Stored dataset items
· · · ·

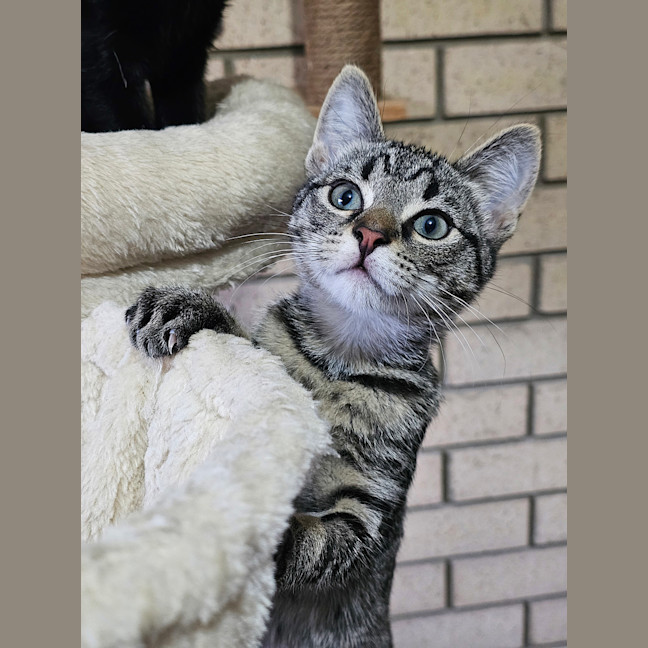Photo of Churro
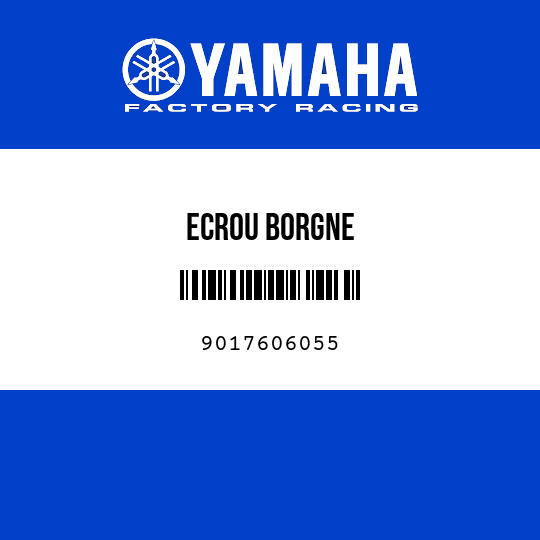 ECROU BORGNE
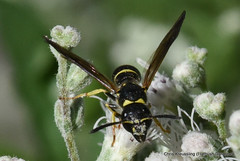 Ancistrocerus, potter/mason wasp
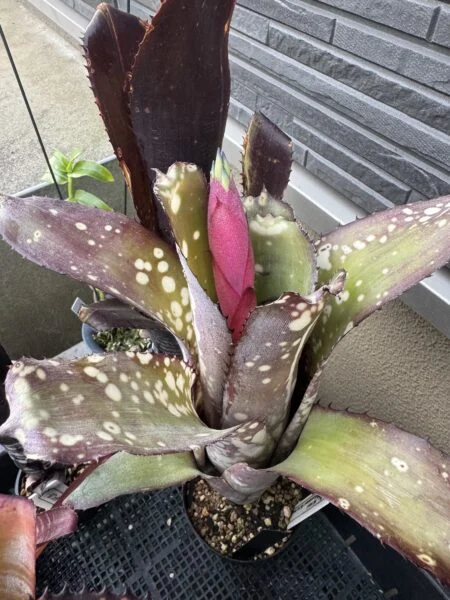 ビルベルギア　アラカイ　花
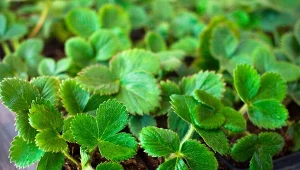 Sposób na zdrowe i słodkie truskawki. Już teraz możesz o to zadbać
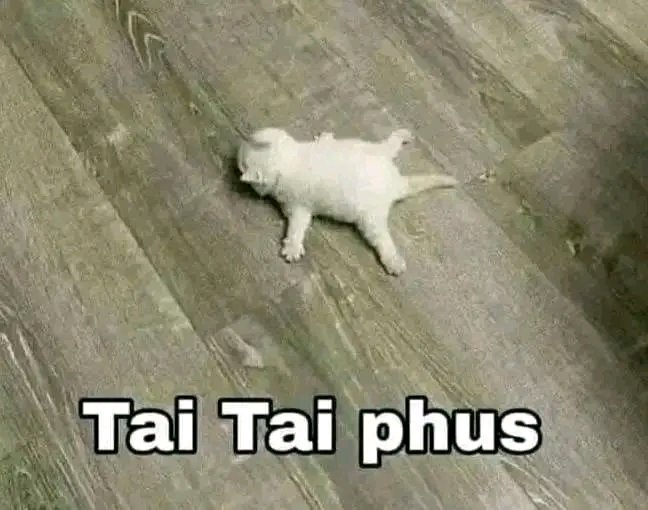 suzuya_96's tweet photo. Buhat Garmi hai Bhai sahab https://t.co/5p1OI7WcGi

· · · ·

Transcribe all the data word for word; the images stay out.

Answer to this problem
Photo of Churro
 ECROU BORGNE
 Ancistrocerus, potter/mason wasp
 ビルベルギア　アラカイ　花
 Sposób na zdrowe i słodkie truskawki. Już teraz możesz o to zadbać
 suzuya_96's tweet photo. Buhat Garmi hai Bhai sahab https://t.co/5p1OI7WcGi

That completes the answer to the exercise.